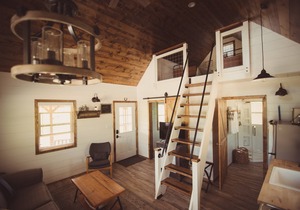 Intern House #1 - Black Hills Farmhouse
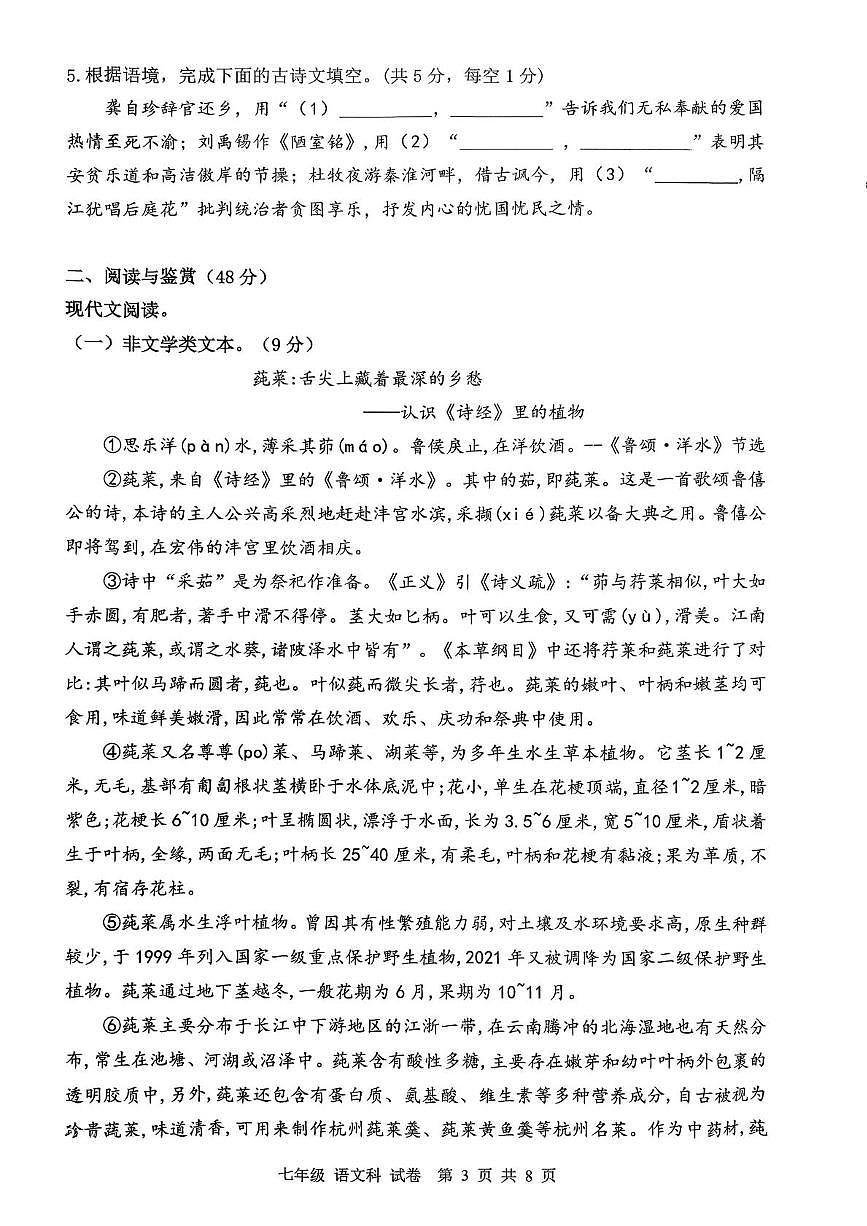 湖南岳阳市汨罗市2025-2026学年度第一学期期末质量监测七年级语文第3页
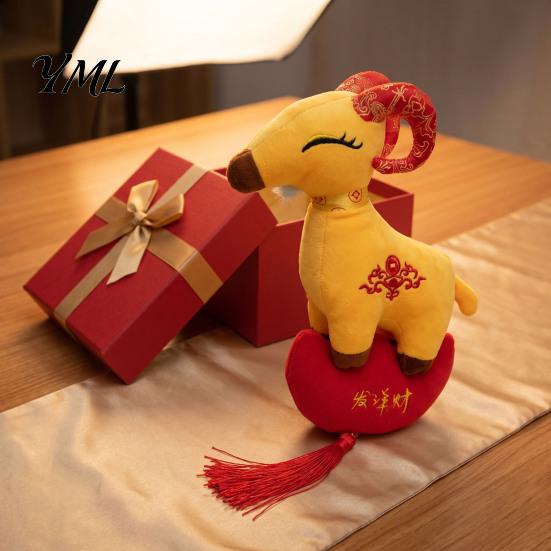 Chinese Cultural Ornament New Year Goat Plush Ornaments, Zodiac of Stuffed Party Supplies Dolls, Embroidery Hanging Decor for Spring Festival,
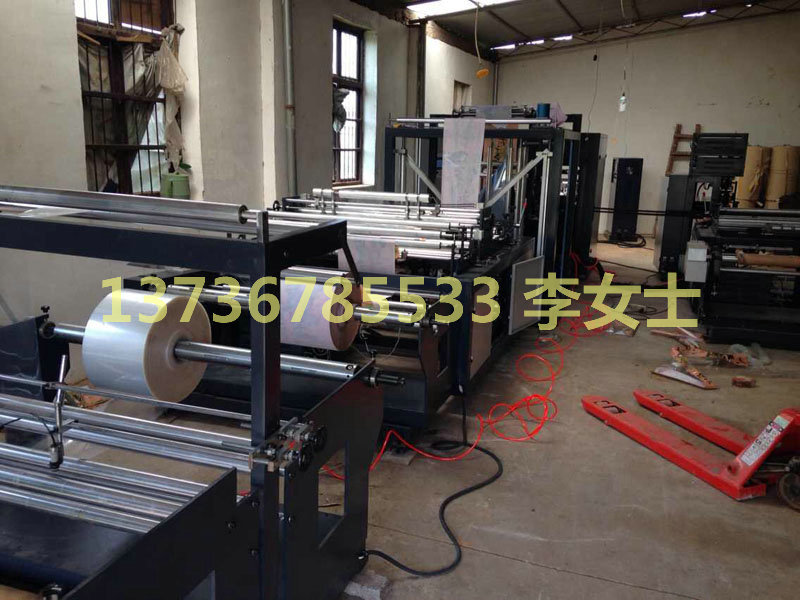 20150330 东阳南马镇 拉链袋烫手机机器 (1)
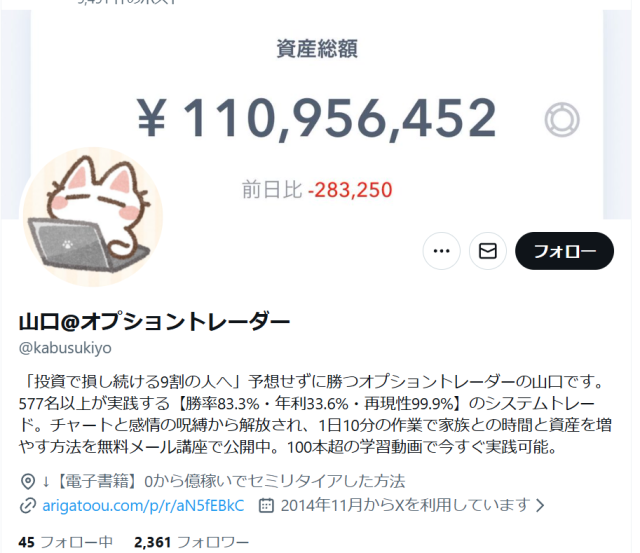 山口一生のXアカウント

^^^^^^^^

_YOUR ASSIGNMENT_.
All of the material above is to be retyped verbatim, with its pictures omitted.

_SOLUTION TO THE EXERCISE_.
 Intern House #1 - Black Hills Farmhouse
 湖南岳阳市汨罗市2025-2026学年度第一学期期末质量监测七年级语文第3页
 Chinese Cultural Ornament New Year Goat Plush Ornaments, Zodiac of Stuffed Party Supplies Dolls, Embroidery Hanging Decor for Spring Festival,
 20150330 东阳南马镇 拉链袋烫手机机器 (1)
 山口一生のXアカウント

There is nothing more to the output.